PENSIONERS who live abroad face an unfair “national lottery” on whether their state pension will increase, MPs have said.

At the moment UK pensioners who live in certain countries like Australia and Canada have their state pension frozen but those living elsewhere see the amount they receive uprated annually.

The freeze applies to Britons who live in countries that do not have a reciprocal agreement with the UK requiring that uprating takes place.

But SNP pensions spokesman Ian Blackford said the Government should reflect on the “injustice” of the current system as he highlighted the strength of support for change among a large group of cross-party MPs.

The MP for Ross, Skye and Lochaber, told the House that some 640,000 UK pensioners who live overseas do see their pensions increase but 550,000 do not.

Blackford said: “What we are talking about is individuals who have paid national insurance in anticipation of receiving a full UK state pension.

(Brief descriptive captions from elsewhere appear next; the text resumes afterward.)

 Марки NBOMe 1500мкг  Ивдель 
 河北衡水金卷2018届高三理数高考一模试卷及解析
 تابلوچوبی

“We often talk about a postcode lottery, in this case it is a national lottery where there are 550,000 pensioners paying the price: your entitlement to a full pension not based on your national insurance contributions but based on what country you live in. How can that be fair?

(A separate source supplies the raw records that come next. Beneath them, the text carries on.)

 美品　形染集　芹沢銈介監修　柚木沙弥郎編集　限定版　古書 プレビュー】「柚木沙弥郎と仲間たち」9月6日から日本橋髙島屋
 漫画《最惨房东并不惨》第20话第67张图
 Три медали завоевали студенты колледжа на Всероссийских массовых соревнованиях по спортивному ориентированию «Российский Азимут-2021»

“If you live in the US Virgin Islands your pension rights are protected. If you live in the British Virgin Islands they are not.”

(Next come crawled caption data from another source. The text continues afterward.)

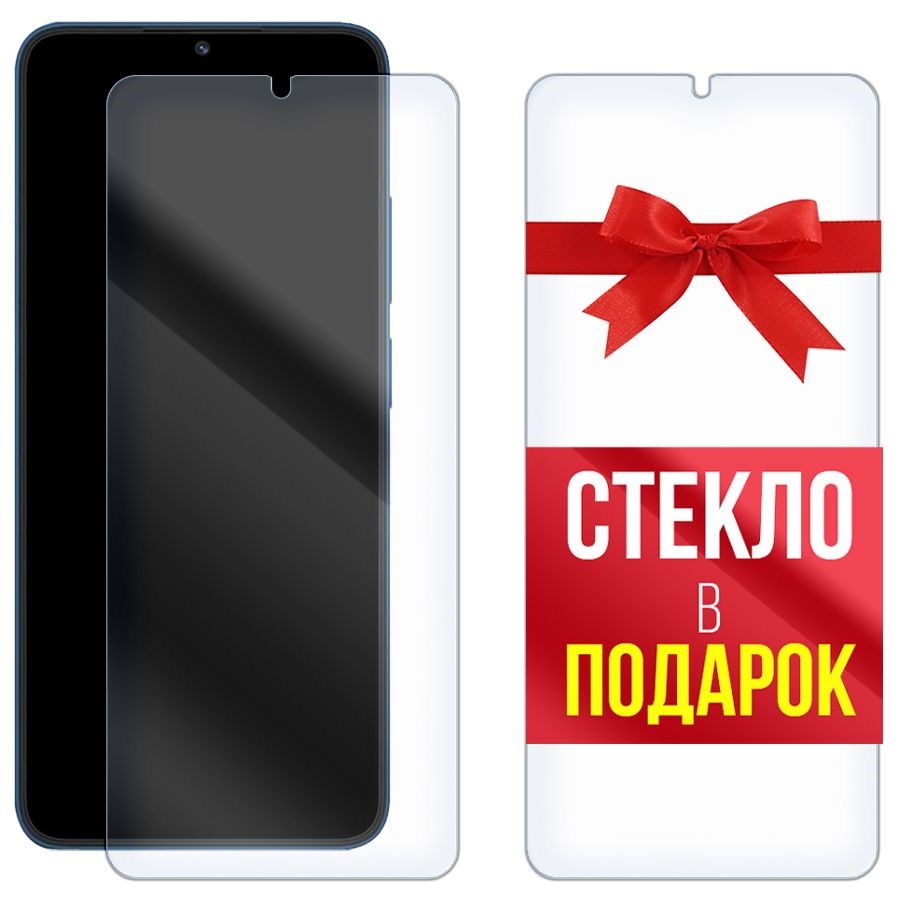 Комплект из 2-x защитных гибридных стекл Krutoff для Xiaomi Redmi 12C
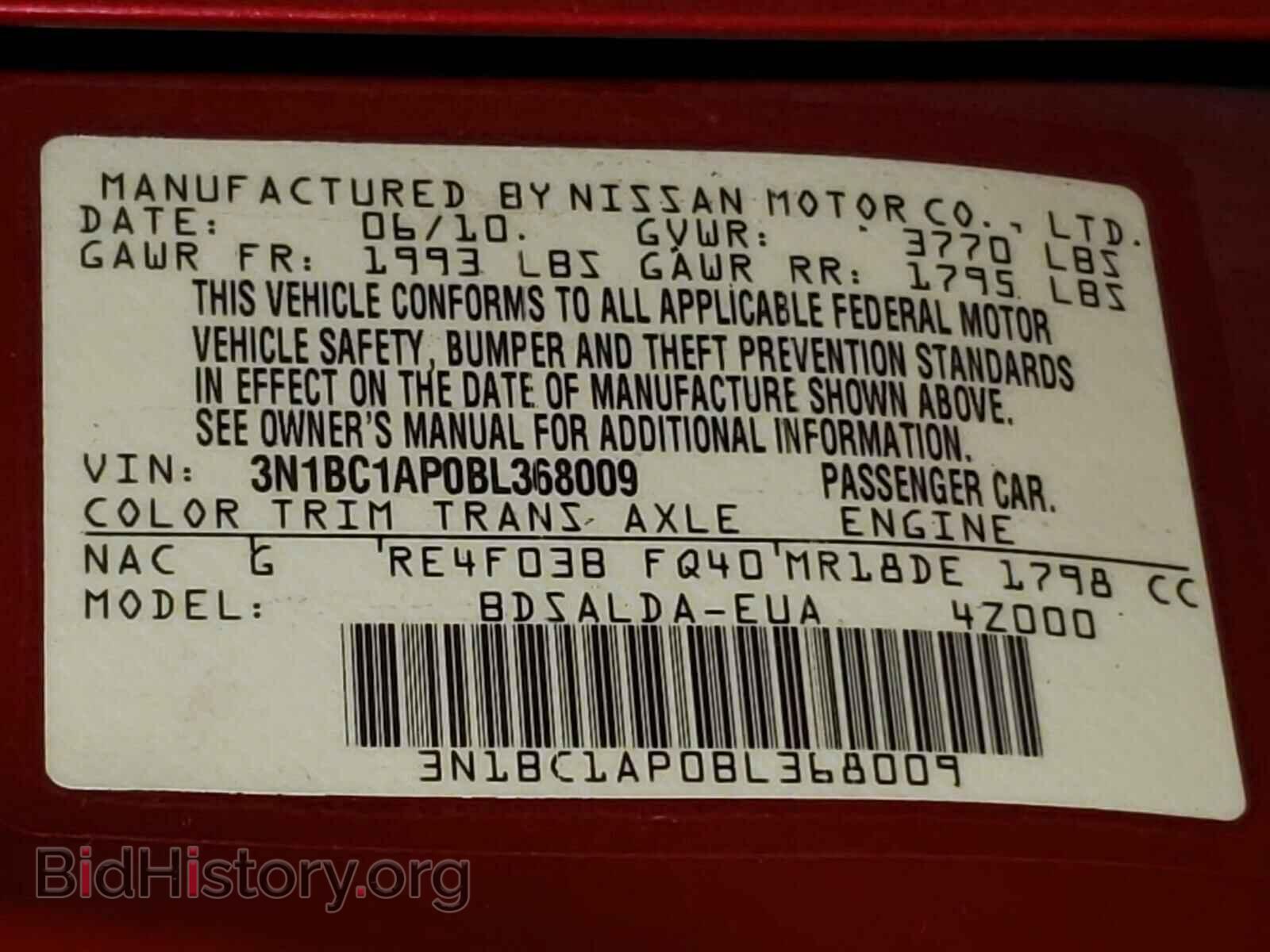 2011 NISSAN VERSA - VIN: 3N1BC1AP0BL368009 - Фото 10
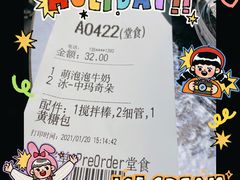 -肯德基(孝陵卫地铁站店)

Blackford said that there is “no logic” to a situation which means UK pensioners who live in the US see their payments increase while their counterparts across the border in Canada do not.

“It’s a basic question of justice and that’s why I’m asking for all members right across the House to unite on this matter,” he said.

“It’s a matter that should concern us all, it’s about doing the right thing and I hope today the minister and the Government respond in the correct manner.”

UK pensioners who live in a country within the European Economic Area see their state pension uprated.

However, Blackford said it is unclear what would happen in the event of a Brexit on June 23.

He said the Government must “remove this uncertainty” and clarify the situation.

Pensions Minister Shailesh Vara stressed that the current system had been in place for 70 years under successive governments.

He said: “The UK state pension is exportable worldwide regardless of the recipient’s country of residence or nationality.

“Successive governments have taken the view that all those who have worked in the UK and built up an entitlement to a state pension should be able to receive it and we have no plans to change this particular arrangement.

“However, the state pension is only increased or uprated each year where the recipient is resident in the European Economic Area or a country with which the UK has a reciprocal agreement that allows for uprating.”

Vara said changing the current situation would present the Government with issues relating to cost.

“To uprate all state pension payments regardless of the recipient’s country of residence to the rate currently paid in the UK would cost in excess of an extra half a billion pounds a year.

“This amount would increase significantly over time and if arrears were to be included then the cost would be in the billions of pounds.”

He also stressed that moving abroad is a choice.

“We should also remember that the decision to move abroad is a voluntary one and it remains a personal choice dependent on the circumstances of the individual,” he said.

Shadow pensions minister Angela Rayner backed the calls to change the current system.

She said: “As somebody relatively new to this brief I believe it is worth taking a fresh look as the logic for the current arrangements is just not there.